Even low-tech snoopers can identify Twitter users’ homes, workplaces.

Researchers at MIT and Oxford University have shown that the location stamps on just a handful of Twitter posts — as few as eight over the course of a single day — can be enough to disclose the addresses of the poster’s home and workplace to a relatively low-tech snooper.

The tweets themselves might be otherwise innocuous — links to funny videos, say, or comments on the news. The location information comes from geographic coordinates automatically associated with the tweets.

Twitter’s location-reporting service is off by default, but many Twitter users choose to activate it. The new study is part of a more general project at MIT’s Internet Policy Research Initiative to help raise awareness about just how much privacy people may be giving up when they use social media.

The researchers describe their research in a paper presented last week at the Association for Computing Machinery’s Conference on Human Factors in Computing Systems, where it received an honorable mention in the best-paper competition, a distinction reserved for only 4 percent of papers accepted to the conference.

“Many people have this idea that only machine-learning techniques can discover interesting patterns in location data,” says Ilaria Liccardi, a research scientist at MIT’s Internet Policy Research Initiative and first author on the paper. “And they feel secure that not everyone has the technical knowledge to do that. With this study, what we wanted to show is that when you send location data as a secondary piece of information, it is extremely simple for people with very little technical knowledge to find out where you work or live.”

Conclusions from clustering

In their study, Liccardi and her colleagues — Alfie Abdul-Rahman and Min Chen of Oxford’s e-Research Centre in the U.K. — used real tweets from Twitter users in the Boston area. The users consented to the use of their data, and they also confirmed their home and work addresses, their commuting routes, and the locations of various leisure destinations from which they had tweeted.

The time and location data associated with the tweets were then presented to a group of 45 study participants, who were asked to try to deduce whether the tweets had originated at the Twitter users’ homes, their workplaces, leisure destinations, or locations along their commutes.
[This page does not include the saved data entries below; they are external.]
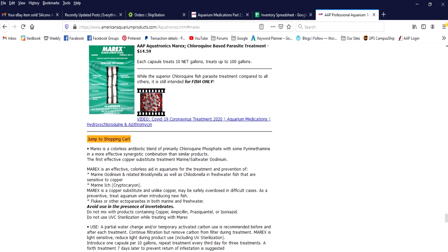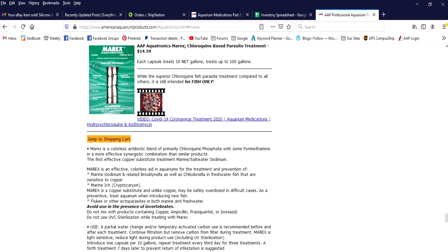We also give a disclaimer not to use fish medications for human consumption. So, what is Merix? Merix is a colorless antibiotic blend of Chloroquine phosphate and pyrethamine. Pyrethamine is found in natural, safe insecticides. This was the first effective substitute for marine Udyneum instead of having to use copper. Merix is an effective colorless aid in the aquarium for treatment and prevention of marine Udyneum related to Brooknelia, as well as Chilodella in freshwater fish that are sensitive to copper. Merix is a copper substitute for marine ick and Cryptocaryon, and unlike copper, may be safely overdosed in difficult cases as a preventative.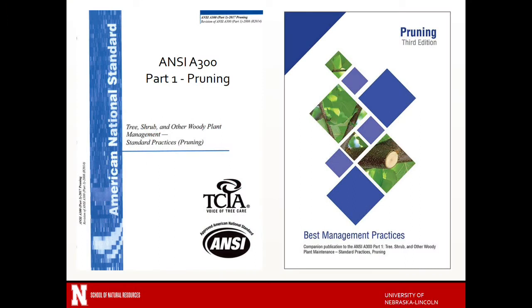In this video we're going to briefly go over the ANSI A300 pruning standards and some of the best management practices. We're not going to cover all of them, but we'll give you kind of a flavor of what you could expect.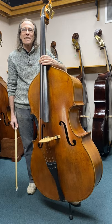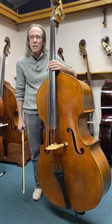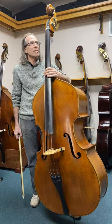Craig here from Mark Schwartz Violins in Burton, Michigan. Today we have a 2015 American bass. It's a Christian Pedersen bass made in Albuquerque, New Mexico at Robertson & Sons Violins.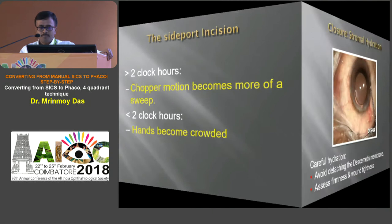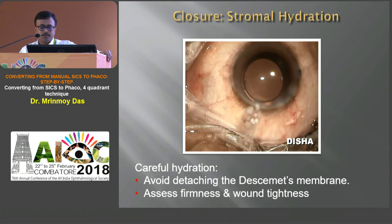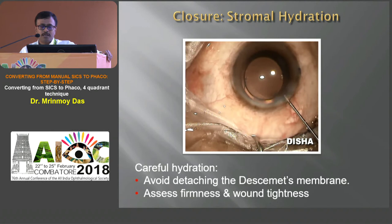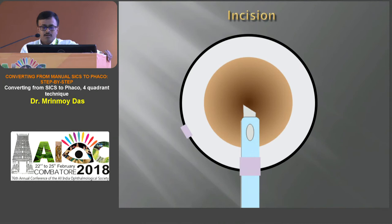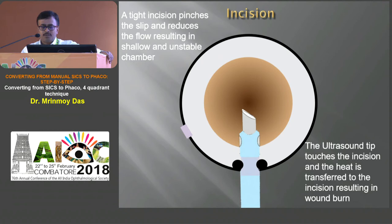After completion of cataract surgery, stromal hydration is needed to seal the entry chamber watertight. During stromal hydration, take care there should not be any Descemet detachment. Always assess firmness and wound tightness at the end. A snugly fitting phaco probe and incision gives a stable anterior chamber. But if a tight incision pinches the sleeve and reduces the flow, resulting in a shallow and unstable chamber — and if the ultrasound tip touches the incision, heat is transferred directly to the incision, resulting in wound burn.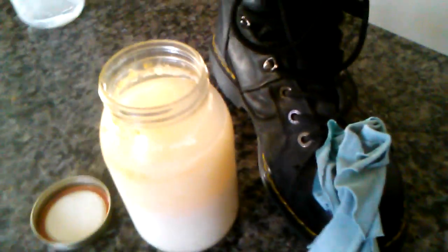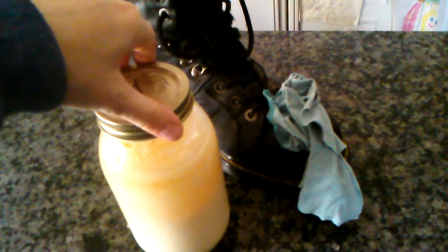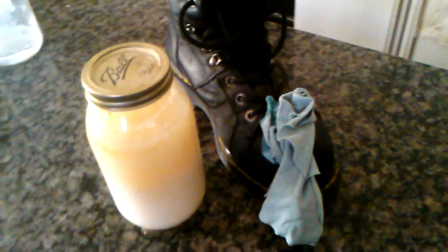And that is how I waterproof my boots. And it is so stinking cheap. Doing boots is the only thing I use my tallow for, because it smells beefy and it leaves that smell in whatever food you cook it with. So I use tallow for leather preservation.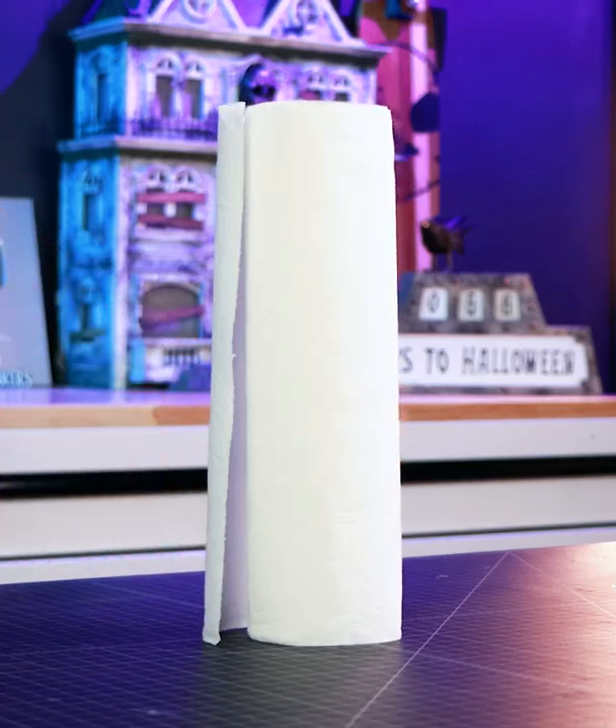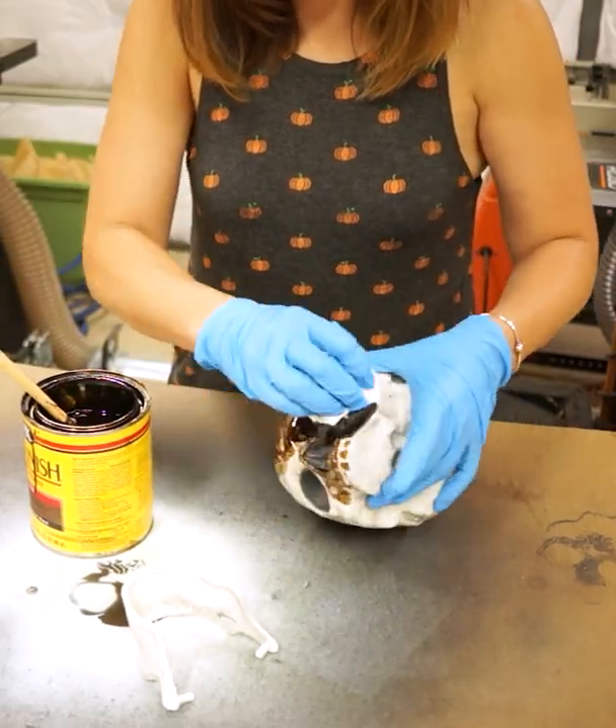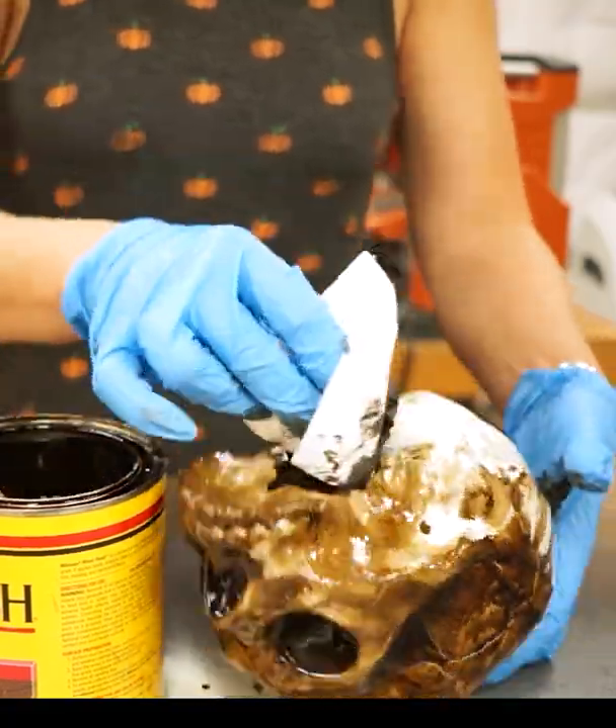All you'll need is some dark wood stain and some paper towels. Put on some gloves and spread the stain all over the skull. Make sure to let it drip into all the little cracks and crevices.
The participants were not recruited on the basis of any particular expertise in urban studies or the social sciences; they just drew what conclusions they could from location clustering.

They were also recruited in Oxford, to eliminate biasing that might result from familiarity with Boston geography. Similarly, they had no information about the content of the tweets.

The data were presented in three different forms. One was a static Google map, in which tweet locations were marked with virtual pins; one was an animated version of the same map, in which the pins appeared on-screen in chronological order; and the third — the resolutely low-tech version — was a table listing geographical coordinates, street names, and times of day.

The maps featured only street names, with no names of businesses, parks, schools, or other landmarks. Pins and table rows were, however, color coded to indicate general time of day — morning, afternoon, or evening.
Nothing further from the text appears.